Baptismo do caderno 3
/Lido ontem, 10/05/2015, na Fyodor Books
Sobre a Enfermaria 6
Esta pequena editora, com uma ontologia ainda incerta, constitui uma espécie de microfísica da edição em Portugal. Faz livros à mão, artesanato, peças cheias de gosto e de amor. Campo de resistência e de autenticidade, estabelecendo uma boa articulação entre o digital – cultiva este blogue muito animado num talhão do mundo encantado, acelerado e evanescente da blogosfera, mesmo mantendo-se fiel a uma frugalidade estética e mediática – e o papel, com três Cadernos e mais três livros, para que os leitores possam também cheirar os textos.
Sobre este Caderno
Se nos atrevermos a catalogar os géneros de produção de discursos relativamente ficcionais, os dois primeiros Cadernos misturavam poesia, ensaio e prosa, o Caderno 3 retém a poesia, é um lugar de poetas para poetas, jogo quase sem códigos e que poucos sabem jogar como deve ser (gosto, pontualmente, de ser prescritivo). Contém alguns autores consagrados, pela crítica e pela recepção dos leitores, e outros à espera de rasgar o véu da ignorância do mundo da poesia. É uma aposta justa e equilibrada, a Enfermaria 6 gosta de provocar os horizontes de expectativa dominantes, desconstruir os cânones.
Sobre a poesia
Não me atrevo a teorizar acerca do ser da poesia, mantenho com ela uma relação de claro-obscuro, e creio que é a boa relação, e mesmo que não o seja, é a minha relação possível. Tanto mais que nenhum poema decente, ou indecente, se deixa apanhar, sequestrar pelos hermeneutas do sentido, isto é, por quem julga poder agarrar a verdade última da intenção do autor. Cada poema é um jogo infinito de signos, deve ser portanto experimentado, mais até do que interpretado. Preferencialmente com o corpo todo.
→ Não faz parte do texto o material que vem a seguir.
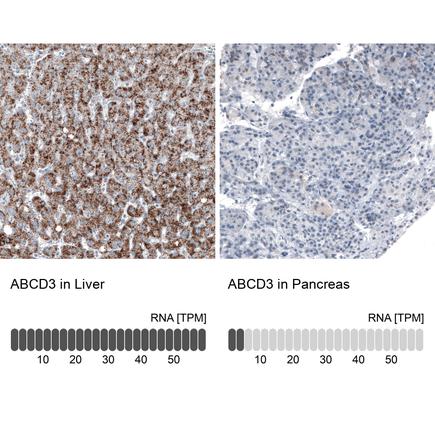 Anti-ABCD3 Antibody-Monoclonal Antibody against Human ABCD3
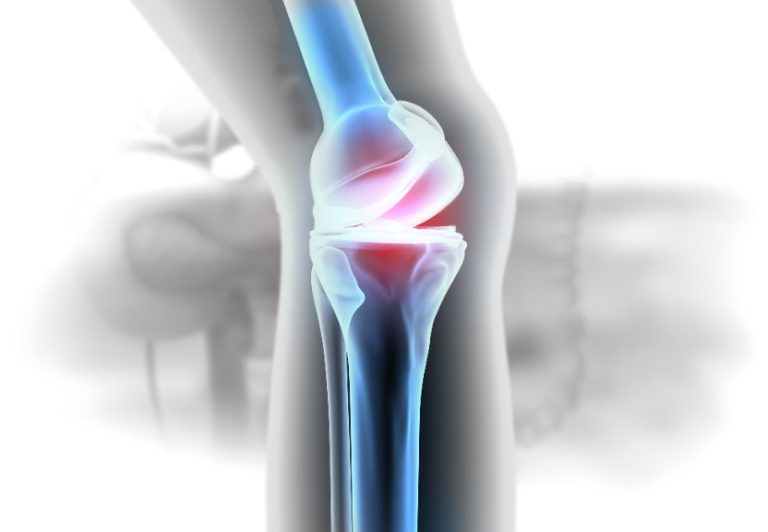 Chondrocalcinose articulaire : causes, symptômes, diagnostic, traitement
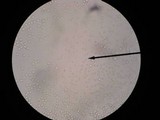 Amanita praecox image
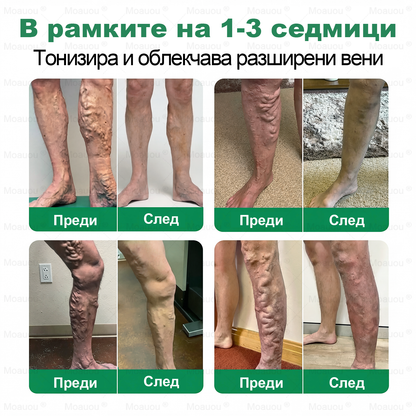 🇧🇬👨‍⚕️✅✅ Moauou® Крем за вени и стави – целенасочено действие ⚡ Мигновено облекчение, дълготрайни резултати | Голяма разпродажба!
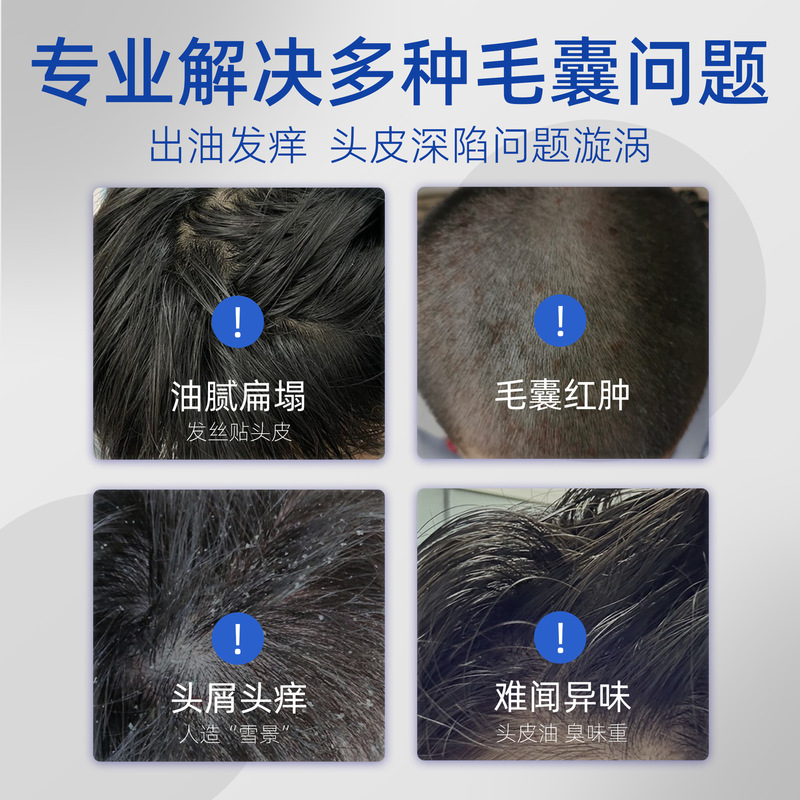 正友製薬 石炭焦油ヘッドオイル 頭皮のかゆみ・フケ対策 オイルコントロール洗浄剤 オリジナルブランドのカスタマイズ・卸売対応|undefined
Além disso, vivo na urgência de procurar sentidos, e testá-los depois na lógica silogística ou no funcionamento das coisas, como poderei, pois, render homenagem a quem tem a paciência de Penélope e demora dias inteiros à procura da palavra justa? Sabendo que mesmo a melhor das descobertas é irremediavelmente imperfeita, é que os poetas conhecem bem o valor do silêncio.
Mas posso dizer que um poema conquista a máxima extensão a partir de uma enorme contenção linguística, uma estrofe pode descrever o mundo inteiro ou propor uma história da humanidade. Obrigando ao comprometimento dos leitores: um compromisso estético, um leitor de poesia prepara-se sempre para ser envolvido pela beleza e pela novidade; um compromisso hermenêutico, um leitor de poesia sabe que os sentidos dos poemas nunca são anódinos, a não ser na contrafacção estúpida e oportunista. Por outro lado, nenhum leitor, mesmo indivíduos que frequentam gangs analíticos, esgota o sentido de um poema, eles mostram e escondem, são astutos e inalienáveis, permanecem sempre numa certa reserva, prolongando assim a sua esperança de vida. Creio ainda que a poesia não está em todo o lado, como julgavam, e julgam, alguns surrealistas, ela é uma coisa rara, trabalho em filigrana que poucos estão habilitados a produzir, não sendo contudo, como disse há anos um representando nacional deste ofício, questão de “sopro divino”.
Acredito também, para finalizar, que um poeta prefere ler-se a escrever. Razão pela qual aceita que a linguagem funcione na poesia quase autonomamente. Talvez o poeta seja usado pela linguagem como via de nascimento, concordando assim com o seu próprio desaparecimento artístico. Talvez os poetas sejam os mensageiros de uma veracidade que nos convida a habitar modestamente o mundo, reconhecendo a antiguidade e a essencialidade perene da poesia.